Here’s what’s actually happening: damaging winds are possible today from dry thunderstorms. These storms form very high up in the atmosphere, and most of the rain evaporates before it ever hits the ground. That can produce dry microbursts, basically a sudden punch of wind hitting the surface with nothing to show for it rain wise.
It’s a genuinely cool atmospheric trick. Right up until you’re standing outside in 60mph gusts, watching your neighbor’s trampoline achieve flight as dust fills the scene.
This threat peaks late afternoon and fades at sunset. More classic setups are coming in the next few weeks. Consider this one the opening act.
2. Rest of the Week
I’m genuinely tempted to chase both Wednesday and Friday this week, though there’s a voice in the back of my head saying “don’t burn yourself out before June.” We’ll see who wins that argument.
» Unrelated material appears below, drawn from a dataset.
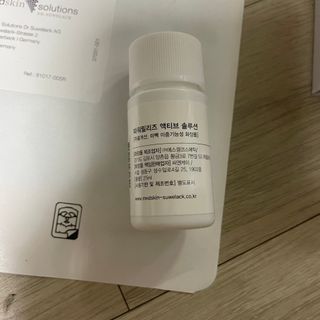 으나님이 올린 리뷰 사진 2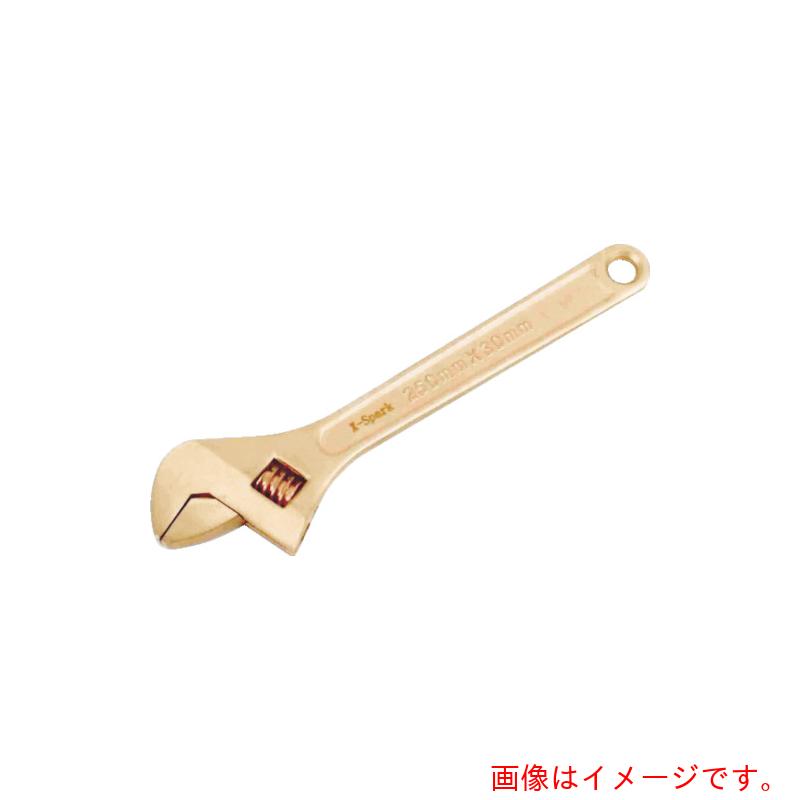 ハマコS.S エテ公鍵 【品番：CBM-600】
Wednesday is the day that has my attention. A dryline sets up across the western parts of the region as an upper storm system moves overhead, and that should weaken the cap enough for several storms to fire in a supercell-friendly environment. The ingredients for big hail are all there: solid lapse rates, plenty of instability in the hail growth zone. Wednesday afternoon could be a classic early spring hail festival. Later in the evening, storms will line out along a surging cold front with damaging winds, and there’s at least a low tornado threat as low-level shear cranks up. I’m not convinced this is a big tornado day, but that early supercell window before things go linear? That’s the part I want to be out for.
Friday is the next candidate, but I’m less confident. Wednesday’s cold front will push through and could leave us short on moisture, plus capping could be an issue. The upper system tracks further north, which limits the overall lift. Storms should still manage to form in a supercell-favorable environment, possibly high-based. Another cold front surge in the evening is likely to organize things into a line again, but the low-level shear is weaker, so the tornado threat drops another notch.
In between, Tuesday and Thursday both carry lower-end severe risks with damaging winds and hail possible. Not chase days for me, but worth watching if you’re in the path.